After hearing the rate-increase announcement, Whitehorse Chamber of Commerce president Rick Karp said he’d like to see the Yukon board scrapped and territorial companies given the option to join BC’s or Alberta’s board.

The Yukon’s compensation board should name the employers with the worst safety records, said NDP MLA Steve Cardiff on Tuesday.

It’s a way to give employees the information they need to make safe employment decisions when they’re looking for work, he said.

“We’re not talking about reporting bad employers; we’re talking about reporting employers with bad safety records or unsafe workplaces on a consistent basis.

“I may be the only one in the Yukon who believes it’s a good idea to publish the names of (employers with bad safety records); I’m not saying all employers with bad safety records, but the worst ones.”

It’s only fair because employers already have the option of accessing an employee’s safety record, said Cardiff.

“I would also argue that the employer, when hiring an employee, has the ability to ask for references from that employee and he can go back to that employee’s previous employer and the employer previous to that,” he said.

“The employer has the hammer. They have the ability to look at an employee and say, ‘You are not working safely and that’s an issue for me, because it’s driving my assessment rates through the ceiling; it’s a burden on my business.’”

Publishing names of companies that are unsafe is not a new idea.

The Yukon already does this with businesses that sell cigarettes, he said.

“When a retail outlet sells a package of cigarettes to someone who is underage, they lose the ability to sell tobacco products for a certain period of time and they have to publish a notification in the paper.”

The public should have the opportunity to know what companies have poor safety records year after year, said Liberal leader Arthur Mitchell.

“Why would the board not consider looking at employers who are, so to speak, the repeat offenders?” asked Mitchell on Tuesday.

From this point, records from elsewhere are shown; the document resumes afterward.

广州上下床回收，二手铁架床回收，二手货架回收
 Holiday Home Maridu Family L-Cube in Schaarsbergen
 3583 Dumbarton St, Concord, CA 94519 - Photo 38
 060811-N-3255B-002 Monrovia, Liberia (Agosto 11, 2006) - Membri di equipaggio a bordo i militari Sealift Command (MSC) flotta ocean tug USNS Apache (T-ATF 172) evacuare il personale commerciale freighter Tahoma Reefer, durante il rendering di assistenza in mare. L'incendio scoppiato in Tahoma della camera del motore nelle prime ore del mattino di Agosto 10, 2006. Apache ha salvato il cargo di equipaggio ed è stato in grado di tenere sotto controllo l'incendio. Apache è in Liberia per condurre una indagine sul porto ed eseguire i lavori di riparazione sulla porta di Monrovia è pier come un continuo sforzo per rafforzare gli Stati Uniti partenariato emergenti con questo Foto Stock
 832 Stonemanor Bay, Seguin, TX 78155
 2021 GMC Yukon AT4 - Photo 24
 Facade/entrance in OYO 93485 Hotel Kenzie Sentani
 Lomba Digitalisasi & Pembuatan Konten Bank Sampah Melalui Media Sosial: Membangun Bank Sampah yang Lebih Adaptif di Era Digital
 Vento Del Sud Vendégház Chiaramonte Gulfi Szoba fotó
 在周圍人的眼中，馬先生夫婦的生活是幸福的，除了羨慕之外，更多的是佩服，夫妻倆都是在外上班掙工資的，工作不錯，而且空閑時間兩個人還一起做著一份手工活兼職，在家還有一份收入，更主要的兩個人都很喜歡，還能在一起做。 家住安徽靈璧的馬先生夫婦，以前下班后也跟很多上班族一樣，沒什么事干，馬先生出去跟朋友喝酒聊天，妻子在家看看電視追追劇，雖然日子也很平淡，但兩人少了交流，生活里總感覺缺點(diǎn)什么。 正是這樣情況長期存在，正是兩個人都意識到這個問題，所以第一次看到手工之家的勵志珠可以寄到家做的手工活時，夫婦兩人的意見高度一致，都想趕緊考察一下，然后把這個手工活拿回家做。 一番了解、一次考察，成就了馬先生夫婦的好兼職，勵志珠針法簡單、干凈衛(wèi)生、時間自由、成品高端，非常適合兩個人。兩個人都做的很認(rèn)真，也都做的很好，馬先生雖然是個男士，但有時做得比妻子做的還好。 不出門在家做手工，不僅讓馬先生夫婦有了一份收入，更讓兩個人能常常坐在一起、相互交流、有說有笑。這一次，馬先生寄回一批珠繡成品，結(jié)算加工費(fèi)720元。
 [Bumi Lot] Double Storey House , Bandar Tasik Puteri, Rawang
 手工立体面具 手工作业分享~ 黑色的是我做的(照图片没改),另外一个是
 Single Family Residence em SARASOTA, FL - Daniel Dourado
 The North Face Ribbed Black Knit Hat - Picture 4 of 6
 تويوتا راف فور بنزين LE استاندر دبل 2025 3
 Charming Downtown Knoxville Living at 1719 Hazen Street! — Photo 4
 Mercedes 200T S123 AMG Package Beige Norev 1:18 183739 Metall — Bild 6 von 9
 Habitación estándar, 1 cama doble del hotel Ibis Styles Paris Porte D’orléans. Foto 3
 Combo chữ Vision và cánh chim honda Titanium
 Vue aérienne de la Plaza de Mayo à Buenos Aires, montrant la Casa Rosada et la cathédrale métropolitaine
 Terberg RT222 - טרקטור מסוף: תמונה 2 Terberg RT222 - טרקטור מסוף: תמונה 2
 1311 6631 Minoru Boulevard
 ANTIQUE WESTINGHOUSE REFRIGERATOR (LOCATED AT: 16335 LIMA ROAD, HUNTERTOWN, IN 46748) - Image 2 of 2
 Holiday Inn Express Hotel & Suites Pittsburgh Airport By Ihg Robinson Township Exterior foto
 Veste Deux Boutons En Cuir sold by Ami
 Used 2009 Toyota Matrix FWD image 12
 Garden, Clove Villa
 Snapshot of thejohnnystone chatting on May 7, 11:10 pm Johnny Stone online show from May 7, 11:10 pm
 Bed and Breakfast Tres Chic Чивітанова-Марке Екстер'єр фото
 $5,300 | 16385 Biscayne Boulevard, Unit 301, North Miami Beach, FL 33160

Employers who, over a longer period of time, repeatedly exceed their industry category average cannot be seen as a statistical anomaly, he said.

Naming companies with poor safety records is not the best idea, said Liberal MLA Don Inverarity.

Instead, the names of companies with good safety records should be made public, he said.

“Would the Workers’ Compensation Health and Safety Board entertain the idea of publishing the names of Yukon employers that have excellent safety records?

“They could publish a list of maybe the top 10 or top 500 so that people know who the good employers are and do it from a top down perspective. It might be a positive goal.”

Employees also have an obligation to help make workplaces safe, added Inverarity.

Tuton has now shifted his position on this issue.

The board will consider naming companies with poor safety records, he said.

The company hasn’t taken that action so far because it was trying to be proactive in working with companies.

But, if injury levels and assessment rates continue to rise, the board would consider many options, including naming names, said Tuton.

“I said fairly clearly at one of our last media opportunities that you can only go so far with some employers, and if they refuse to follow the program and to try to provide a safer and healthier workplace, then obviously we’re going to look at other ways to deal with that employer.

“(Naming names) is definitely is an option, but a better option is for us as a board to provide the resources needed to help educate all employers, to help educate employers to better provide for their employees safer and healthier workplaces.”